Exercise description:
Copy the data that follows exactly, and include none of its images.

Items from a dataset
########################################

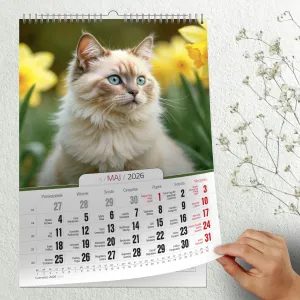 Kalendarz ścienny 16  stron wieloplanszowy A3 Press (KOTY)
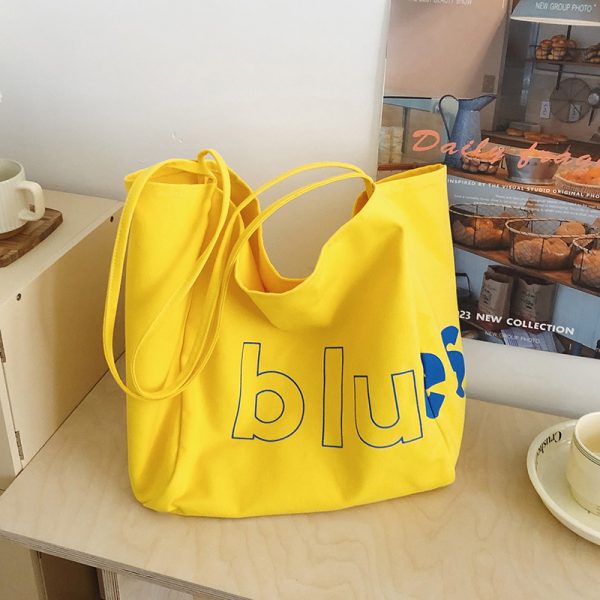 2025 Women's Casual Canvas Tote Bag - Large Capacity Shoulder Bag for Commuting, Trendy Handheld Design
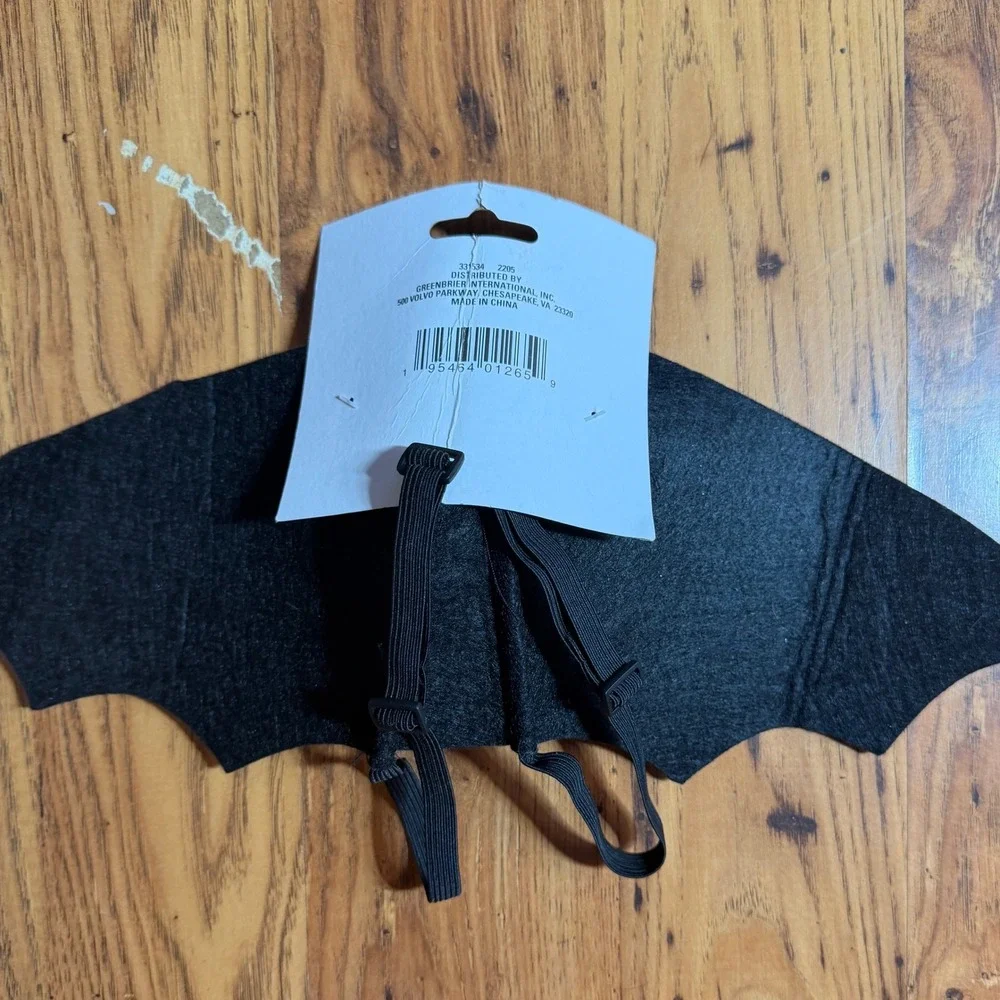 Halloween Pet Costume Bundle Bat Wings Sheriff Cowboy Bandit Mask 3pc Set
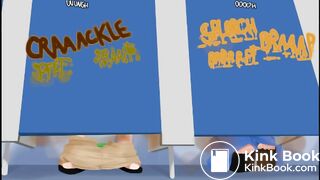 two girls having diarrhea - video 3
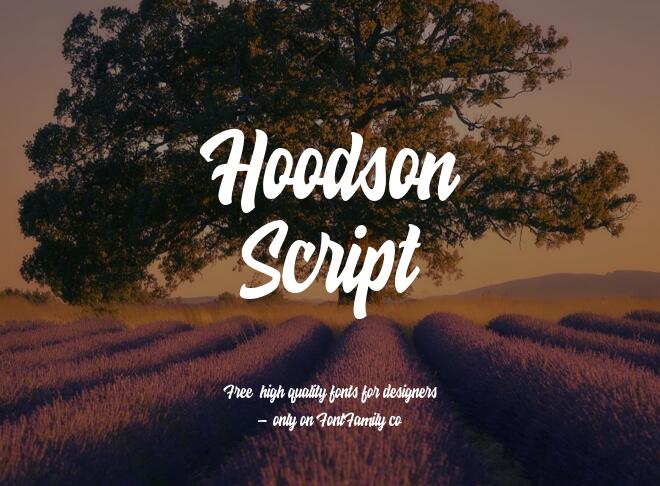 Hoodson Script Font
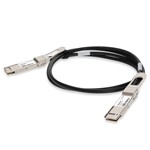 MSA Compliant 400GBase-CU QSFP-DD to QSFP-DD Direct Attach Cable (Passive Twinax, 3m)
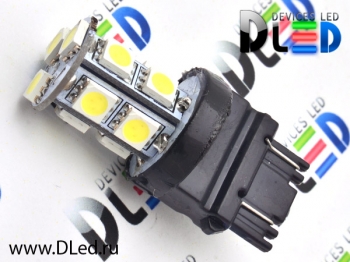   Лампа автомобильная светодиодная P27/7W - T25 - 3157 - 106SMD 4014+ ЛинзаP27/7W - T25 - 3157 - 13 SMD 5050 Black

########################################

Answer below:
 Kalendarz ścienny 16  stron wieloplanszowy A3 Press (KOTY)
 2025 Women's Casual Canvas Tote Bag - Large Capacity Shoulder Bag for Commuting, Trendy Handheld Design
 Halloween Pet Costume Bundle Bat Wings Sheriff Cowboy Bandit Mask 3pc Set
 two girls having diarrhea - video 3
 Hoodson Script Font
 MSA Compliant 400GBase-CU QSFP-DD to QSFP-DD Direct Attach Cable (Passive Twinax, 3m)
   Лампа автомобильная светодиодная P27/7W - T25 - 3157 - 106SMD 4014+ ЛинзаP27/7W - T25 - 3157 - 13 SMD 5050 Black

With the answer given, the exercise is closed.